8 – La responsabilité est l’aptitude à répondre de ses actes, c’est à dire s’en affirmer l’auteur. La responsabilité implique la liberté, car en l’absence de liberté, la cause de nos actes n’est pas la volonté mais un ensemble de causes indépendantes de celle-ci, dans lesquelles réside la véritable origine de nos actes, dont nous ne sommes que les exécutants. Inversement, affirmer la liberté, c’est aussi affirmer la responsabilité, ce qui explique qu’il n’y ait pas de liberté insouciante, et qu’on puisse préférer se tenir éloigné de toute véritable liberté.
9 – Petite précision : cette idée, selon laquelle Jésus serait libre de mettre en oeuvre, ou pas, son essence divine, est au regard de l’Eglise une hérésie définie comme telle en 431 lors du Concile d’Ephèse. Cette conception de Jésus a été mise en scène par Martin Scorsese dans La dernière Tentation du Christ (1988), adapté du roman de Níkos Kazantzákis, La dernière Tentation (1954). Le livre, puis le film, furent considérés par certains chrétiens comme blasphématoires. Evidemment, comme il s’agit de philosophie, on peut tout à fait se permettre d’émettre de telles hypothèses, puisqu’en philosophie il n’y a a priori ni hérésies, ni blasphème.

Dernier gros détail : j’ai emprunté le titre, et les illustrations au fameux No Church in the wild de Kanye West et Jay-Z. Enorme morceau de la culture rap, immédiatement reconnaissable, dont les paroles tournent autour de la question de l’autorité et de sa reconnaissance, de l’individu et de la foule, des rois et des dieux, et mis en image, de façon assez saisissante, par Romain Gavras qui trouve là un titre à la mesure de ce qu’il sait faire.

Evidemment, ce clip, commandité par des rappeurs milliardaires, est lourdement chargé en complaisance et en récupération. Mais accordons-lui ceci : il est tourné en 2012, et met en scène des émeutes qui se déroulent en bonne partie à Paris.

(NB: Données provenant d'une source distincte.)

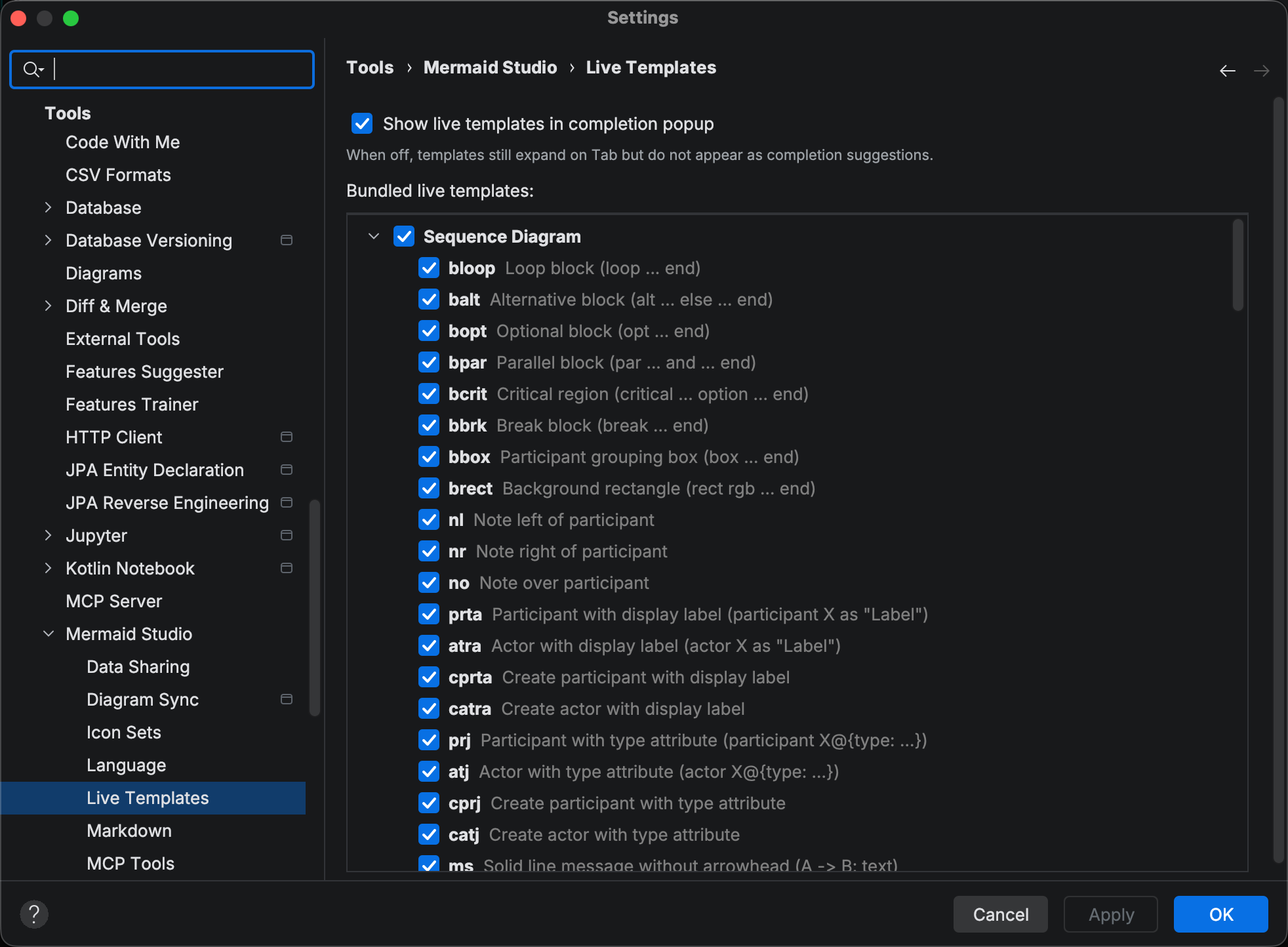 Settings > Tools > Mermaid Studio > Live Templates showing the bundled-template checkbox tree with diagram groups (Sequence, Class, State, Requirement, ER, C4, Kanban) and the Show live templates in completion popup toggle above the tree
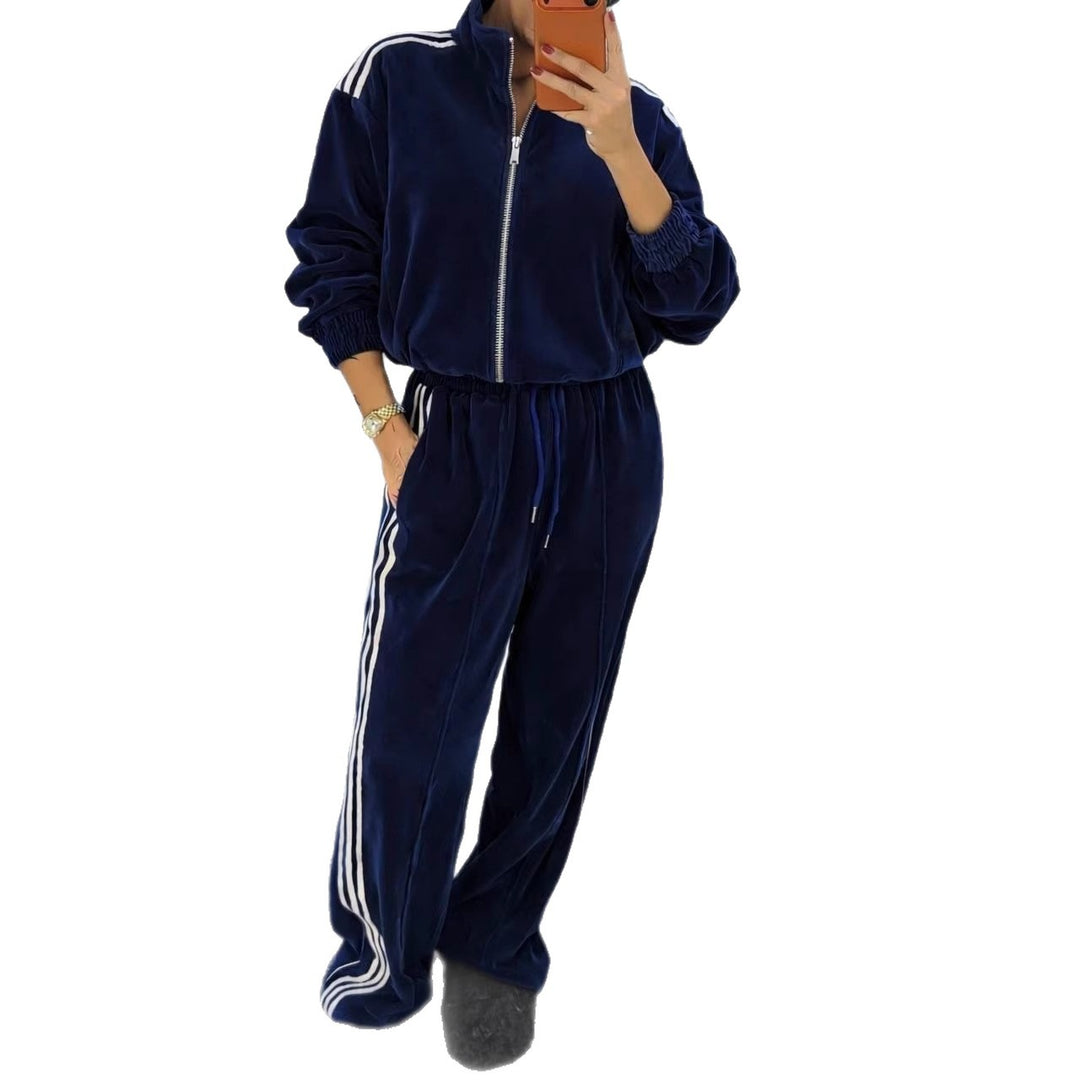 Damen luxuriöses Velours-Trainingsanzug-Set mit Stehkragen und Kordelzug – Avérine
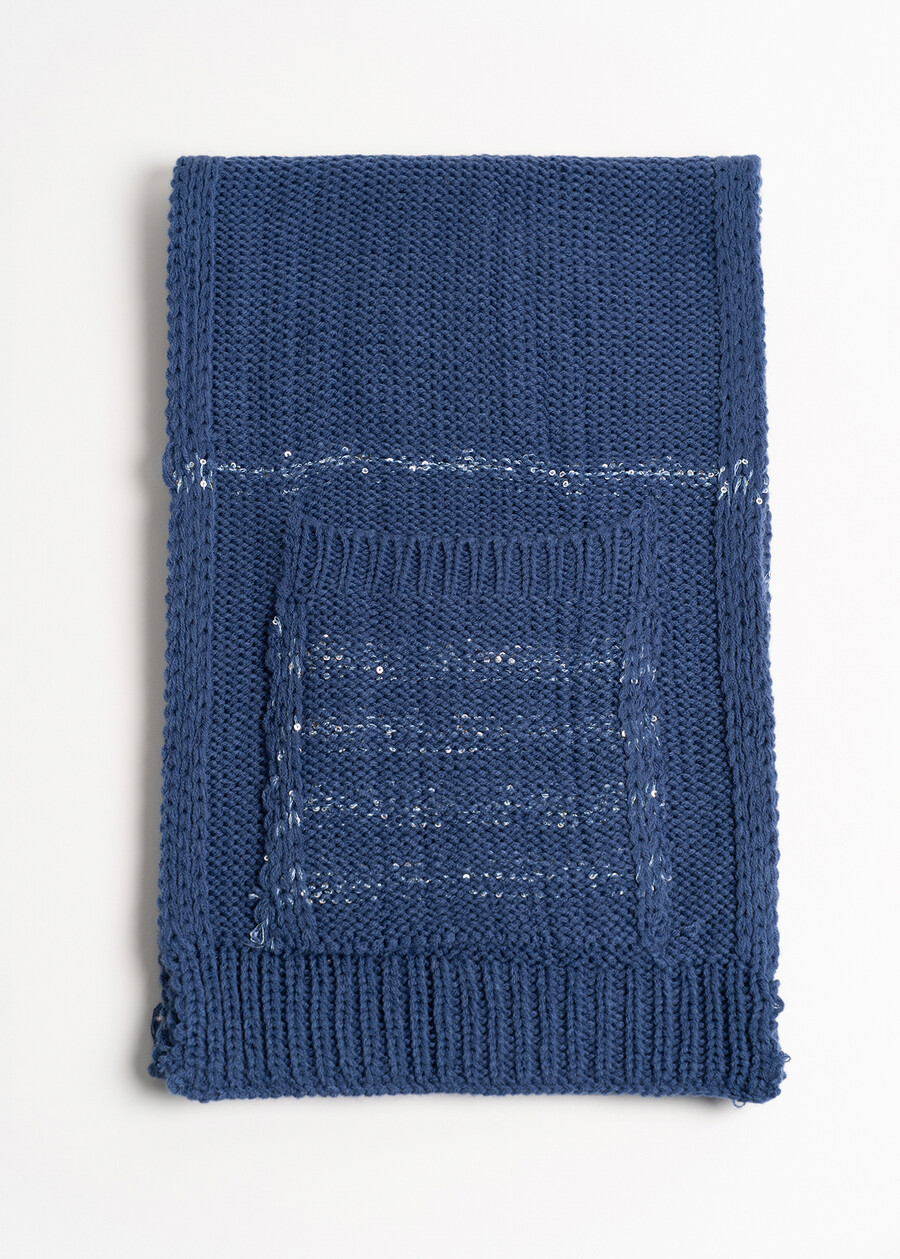 Sciarpa Sindy con paillettes e tasche BLU AVIONVIOLA VINACCIA Donna , immagine n. 1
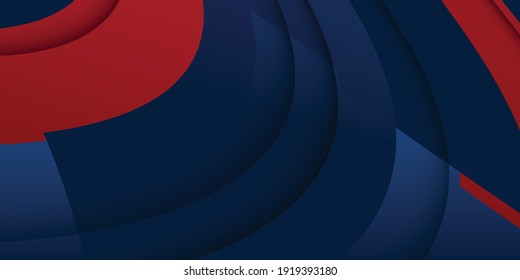 Abstrakter blauer und roter Hintergrund. Moderne rote, blau gewellte geometrische Textur mit stilvollem Papierschnitt-Designanzug für Präsentationshintergrund. Moderner Patriot-Hintergrund mit Überlappungsschicht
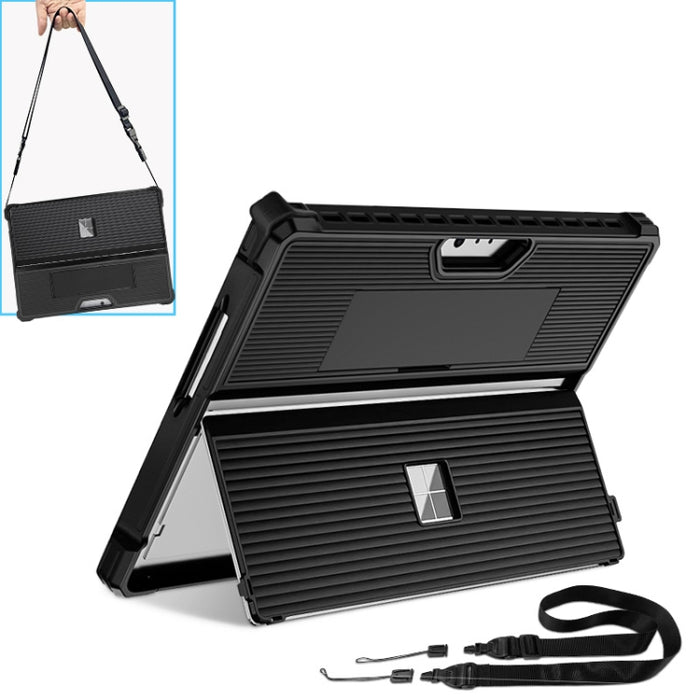 Striped Hollow Tablet Case with Holder Cover and Shoulder Strap, For Microsoft Surface Pro 8, For Microsoft Surface Pro 9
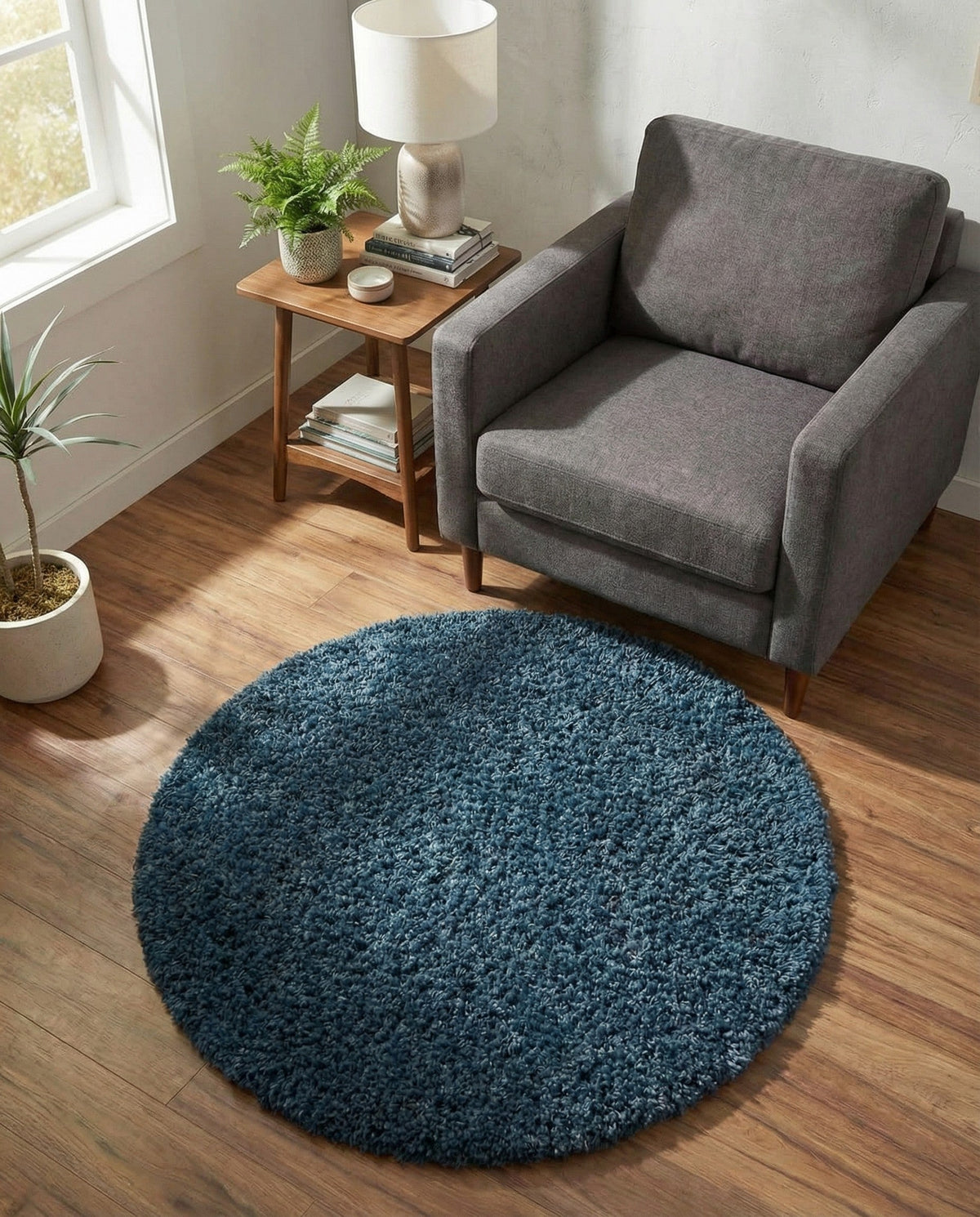Alpine Plush Collection Area Rug - Verbier Round Dblue  lifestyle 111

Ces images de l’Arc de Triomphe noyé dans les gaz lacrymogènes, on les a revues depuis. Mais ce que n’avait pas vu venir Romai Gavras, c’est que les acteurs réels de ces images devenues actualité ne furent pas ceux qu’il avait imaginés. Il a mis en scène l’émeute comme un phénomène racial, elle s’est déroulé sous une forme sociale, et économique. Pour autant, on ne peut pas refuser absolument l’hypothèse selon laquelle de telles images puissent être inspirantes, et que certains puissent être menés par le désir inavoué de les reproduire, et d’en incarner les héros. Mais ici encore, qu’elles soient influentes, c’est certain, et elles participent évidemment d’un processus déterminant. Et pour autant, cette détermination n’est pas absolue, et la réalité de ce qui s’est passé dans la rue ces derniers mois a déjoué les mécanismes auxquels on s’attendait.